* REQUIREMENT *
Every record that follows must be duplicated exactly, with images left out.

* MATERIAL FOR THIS TASK *
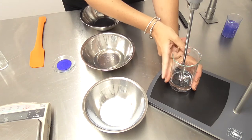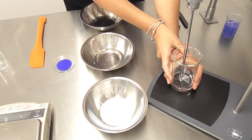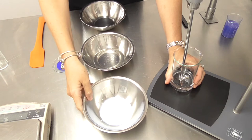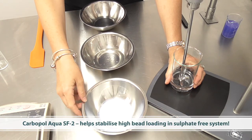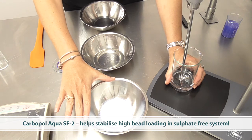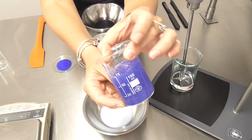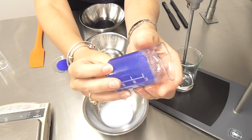First things first, we've got our water measured out here. Now normally I would mix my surfactants and my water together and then add my thickening agent, but in this case I'm using a very special material. There are a couple of grades of this material but I'm using this one for its stabilizing ability: Carbopol Aqua SF2. This is what's going to help me create this beautifully stable system even with a very high input of beads.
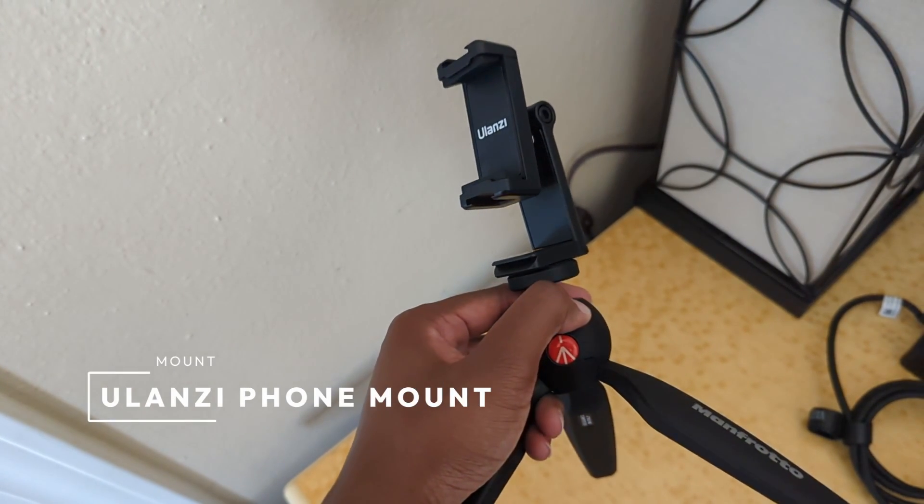Attached to my tripod is the Ulanzi phone mount. It has the ability to film either horizontal or vertical video with your phone. What I find very frustrating is that I can't use the mount with my phone case on, which means I have to handle it very carefully when I'm out. If I were to drop it, my phone would be absolutely wrecked. So I might have to consider an alternative mount in the future.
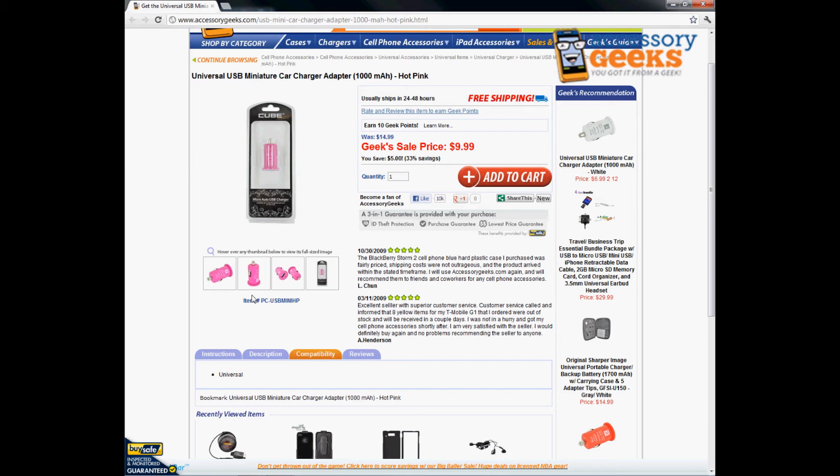If you have any questions regarding the Universal USB Miniature Car Charger Adapter in Hot Pink, please do not hesitate to give us a call. You can reach us at 866-433-5793. Our customer support lines are open Monday through Friday from 8 a.m. to 4 p.m. Pacific Standard Time, and there's always free shipping to the U.S. and Canada.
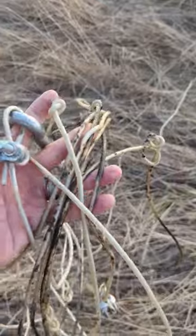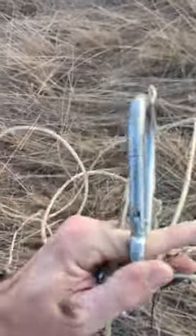At the feed store, I bought some coated wire, some of these wire clamps, some carabiners, and then they have these brass lead hookups.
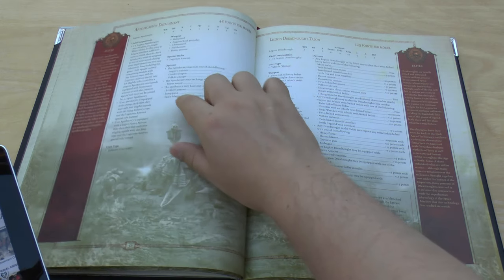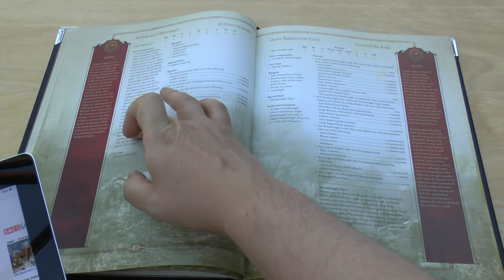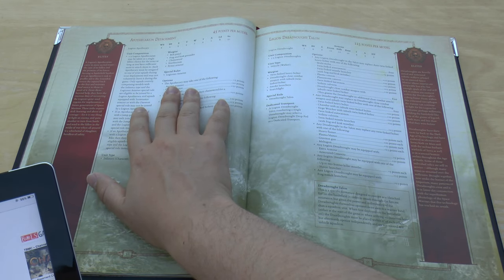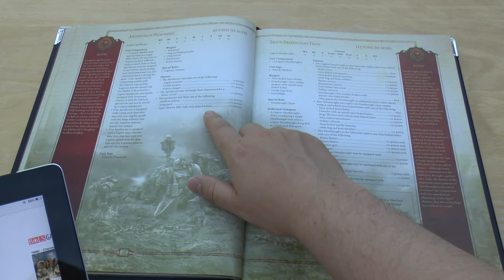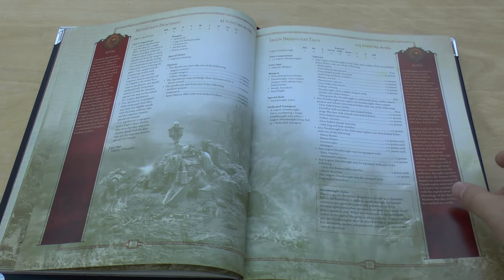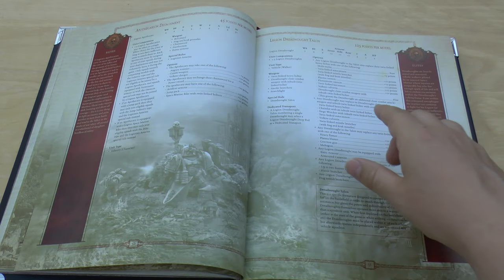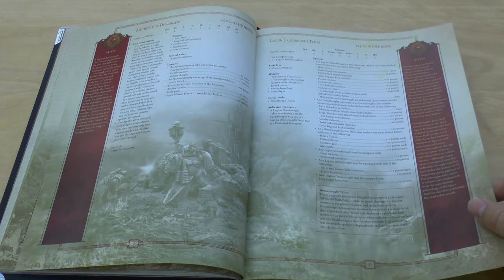Then the Apothecarian Detachment — what's changed compared to the old book is that instead of having a list of all units that Apothecaries could join, they're now assigned to each of your squads. If they're not in Terminator Armour, they can join pretty much any squad, and they can now purchase Jump Packs and Space Marine Bikes. Dreadnoughts got their plus one attack a few months ago, so they're now at three attacks base — same points, same pins.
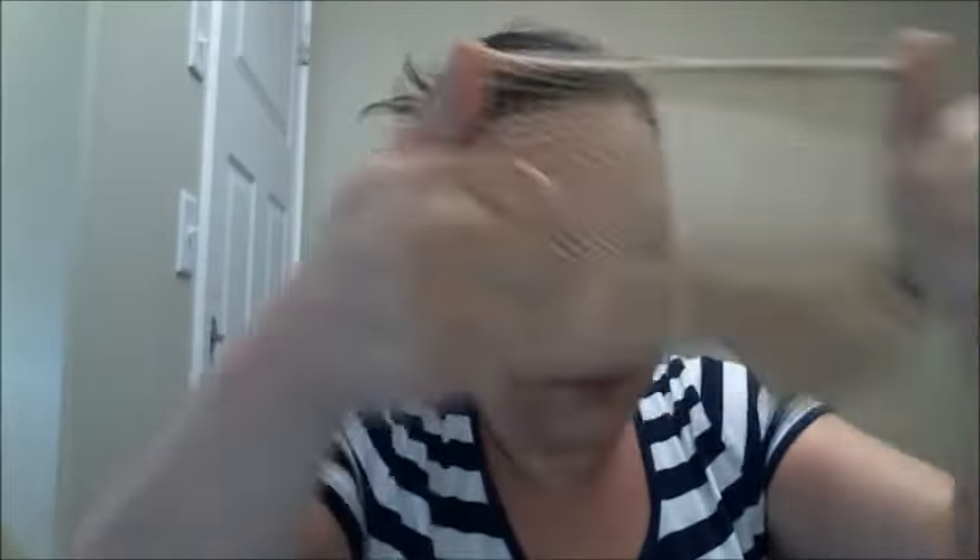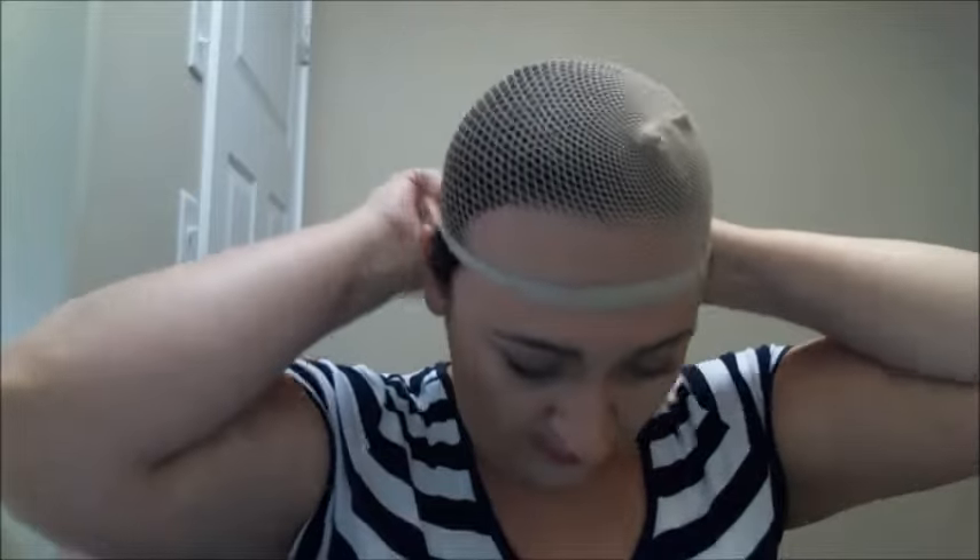Then take your wig cap — I got this one-pack for about $1.50 at the party store, so they're really cheap. This is just to conceal all of your natural hair so it's not sticking out. The last thing you want is to be wearing a wig and have your natural hair popping out.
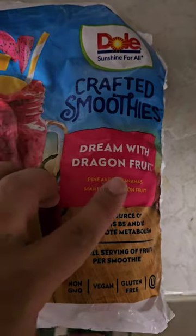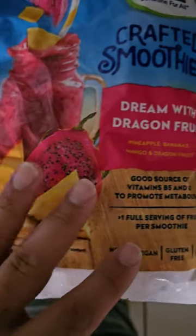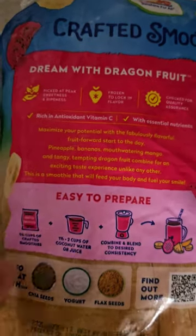Alright everybody, we're gonna try this Crafty Smoothies dragon fruit blend that we found at Walmart for eleven dollars and some change — five servings per bag. I just got out of the gym and I want to make this, and it's about 12:30 at night, so let's follow the instructions and whip it up.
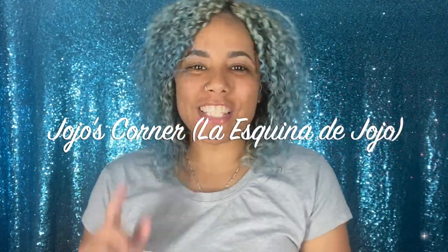Hi guys and welcome back to JoJo's Corner — La Esquina de JoJo. If you're new to my channel, hello, how are you? If you're not new, welcome back. Today I am coming back with another hair video — new products! Who doesn't love new products? If you want to know what I use to style and color my hair, keep on watching.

* SOLVED EXERCISE *
First things first, we've got our water measured out here. Now normally I would mix my surfactants and my water together and then add my thickening agent, but in this case I'm using a very special material. There are a couple of grades of this material but I'm using this one for its stabilizing ability: Carbopol Aqua SF2. This is what's going to help me create this beautifully stable system even with a very high input of beads.
Attached to my tripod is the Ulanzi phone mount. It has the ability to film either horizontal or vertical video with your phone. What I find very frustrating is that I can't use the mount with my phone case on, which means I have to handle it very carefully when I'm out. If I were to drop it, my phone would be absolutely wrecked. So I might have to consider an alternative mount in the future.
If you have any questions regarding the Universal USB Miniature Car Charger Adapter in Hot Pink, please do not hesitate to give us a call. You can reach us at 866-433-5793. Our customer support lines are open Monday through Friday from 8 a.m. to 4 p.m. Pacific Standard Time, and there's always free shipping to the U.S. and Canada.
At the feed store, I bought some coated wire, some of these wire clamps, some carabiners, and then they have these brass lead hookups.
Then the Apothecarian Detachment — what's changed compared to the old book is that instead of having a list of all units that Apothecaries could join, they're now assigned to each of your squads. If they're not in Terminator Armour, they can join pretty much any squad, and they can now purchase Jump Packs and Space Marine Bikes. Dreadnoughts got their plus one attack a few months ago, so they're now at three attacks base — same points, same pins.
Then take your wig cap — I got this one-pack for about $1.50 at the party store, so they're really cheap. This is just to conceal all of your natural hair so it's not sticking out. The last thing you want is to be wearing a wig and have your natural hair popping out.
Alright everybody, we're gonna try this Crafty Smoothies dragon fruit blend that we found at Walmart for eleven dollars and some change — five servings per bag. I just got out of the gym and I want to make this, and it's about 12:30 at night, so let's follow the instructions and whip it up.
Hi guys and welcome back to JoJo's Corner — La Esquina de JoJo. If you're new to my channel, hello, how are you? If you're not new, welcome back. Today I am coming back with another hair video — new products! Who doesn't love new products? If you want to know what I use to style and color my hair, keep on watching.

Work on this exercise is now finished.